Information supplied ->
Content starts

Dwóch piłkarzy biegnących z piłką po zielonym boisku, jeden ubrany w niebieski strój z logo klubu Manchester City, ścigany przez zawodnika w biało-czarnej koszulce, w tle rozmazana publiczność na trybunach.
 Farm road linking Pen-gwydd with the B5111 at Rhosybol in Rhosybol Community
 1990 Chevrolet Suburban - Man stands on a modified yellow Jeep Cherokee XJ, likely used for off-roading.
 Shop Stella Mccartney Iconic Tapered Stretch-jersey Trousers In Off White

Content ends

Each line from the one containing "Farm road linking" through the end of the material should be restated word for word; leave out every line before it.

Reply ->
 Farm road linking Pen-gwydd with the B5111 at Rhosybol in Rhosybol Community
 1990 Chevrolet Suburban - Man stands on a modified yellow Jeep Cherokee XJ, likely used for off-roading.
 Shop Stella Mccartney Iconic Tapered Stretch-jersey Trousers In Off White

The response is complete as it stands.